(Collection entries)
++++++
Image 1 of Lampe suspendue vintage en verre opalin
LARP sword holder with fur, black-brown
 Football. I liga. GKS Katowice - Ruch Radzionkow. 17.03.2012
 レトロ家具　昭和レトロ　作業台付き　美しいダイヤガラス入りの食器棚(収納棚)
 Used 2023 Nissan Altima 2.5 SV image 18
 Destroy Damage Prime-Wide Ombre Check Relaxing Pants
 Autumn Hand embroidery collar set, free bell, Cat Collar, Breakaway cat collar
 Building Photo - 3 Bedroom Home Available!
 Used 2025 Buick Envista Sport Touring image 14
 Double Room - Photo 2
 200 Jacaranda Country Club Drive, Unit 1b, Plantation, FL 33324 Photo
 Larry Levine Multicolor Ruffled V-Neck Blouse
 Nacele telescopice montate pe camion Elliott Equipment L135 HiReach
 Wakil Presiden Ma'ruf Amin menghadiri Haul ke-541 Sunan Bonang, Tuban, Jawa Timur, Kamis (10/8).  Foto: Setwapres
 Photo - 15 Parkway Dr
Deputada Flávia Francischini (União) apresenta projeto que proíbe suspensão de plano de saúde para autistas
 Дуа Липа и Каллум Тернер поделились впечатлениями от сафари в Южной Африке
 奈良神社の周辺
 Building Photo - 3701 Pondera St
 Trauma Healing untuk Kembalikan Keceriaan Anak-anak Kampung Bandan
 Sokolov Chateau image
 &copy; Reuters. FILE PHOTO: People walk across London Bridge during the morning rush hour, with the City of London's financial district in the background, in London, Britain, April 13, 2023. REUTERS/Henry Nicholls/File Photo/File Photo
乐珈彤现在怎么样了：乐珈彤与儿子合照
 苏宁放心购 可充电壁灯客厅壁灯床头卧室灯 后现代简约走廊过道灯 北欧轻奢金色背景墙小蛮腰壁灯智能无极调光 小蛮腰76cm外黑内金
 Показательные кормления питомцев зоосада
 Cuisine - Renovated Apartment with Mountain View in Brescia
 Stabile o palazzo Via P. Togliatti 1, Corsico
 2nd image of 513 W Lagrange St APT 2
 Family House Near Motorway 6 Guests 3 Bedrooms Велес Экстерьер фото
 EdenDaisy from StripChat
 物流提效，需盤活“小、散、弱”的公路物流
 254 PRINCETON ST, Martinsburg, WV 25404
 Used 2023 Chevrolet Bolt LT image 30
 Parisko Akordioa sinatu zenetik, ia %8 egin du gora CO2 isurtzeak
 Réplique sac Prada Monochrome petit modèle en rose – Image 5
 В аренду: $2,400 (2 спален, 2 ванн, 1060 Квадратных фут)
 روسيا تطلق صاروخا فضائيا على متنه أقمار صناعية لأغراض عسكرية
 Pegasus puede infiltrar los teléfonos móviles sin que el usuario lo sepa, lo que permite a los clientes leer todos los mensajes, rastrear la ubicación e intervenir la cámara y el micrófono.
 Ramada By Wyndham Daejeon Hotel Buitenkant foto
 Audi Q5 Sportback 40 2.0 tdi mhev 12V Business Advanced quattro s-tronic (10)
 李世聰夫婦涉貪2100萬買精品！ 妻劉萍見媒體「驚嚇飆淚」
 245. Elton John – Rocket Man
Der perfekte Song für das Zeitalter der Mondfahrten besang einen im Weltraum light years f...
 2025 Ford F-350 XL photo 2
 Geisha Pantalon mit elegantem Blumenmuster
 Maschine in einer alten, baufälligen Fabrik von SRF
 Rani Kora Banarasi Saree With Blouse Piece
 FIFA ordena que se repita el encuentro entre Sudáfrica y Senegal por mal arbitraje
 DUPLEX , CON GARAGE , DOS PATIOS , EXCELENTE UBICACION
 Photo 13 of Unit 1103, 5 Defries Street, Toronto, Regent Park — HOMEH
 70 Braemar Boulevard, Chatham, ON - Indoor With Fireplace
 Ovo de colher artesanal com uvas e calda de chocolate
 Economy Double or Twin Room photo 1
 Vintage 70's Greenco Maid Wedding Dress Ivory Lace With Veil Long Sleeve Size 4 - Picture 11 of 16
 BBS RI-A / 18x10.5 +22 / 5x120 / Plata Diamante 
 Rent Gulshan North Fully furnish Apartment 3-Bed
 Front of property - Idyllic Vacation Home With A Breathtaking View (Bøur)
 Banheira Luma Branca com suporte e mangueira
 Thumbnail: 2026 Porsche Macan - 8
++++++
* _EXERCISE OBJECTIVE_: If a line in the entries holds the string "Double", copy it.

* _WRITTEN RESPONSE_:
 Double Room - Photo 2
 Economy Double or Twin Room photo 1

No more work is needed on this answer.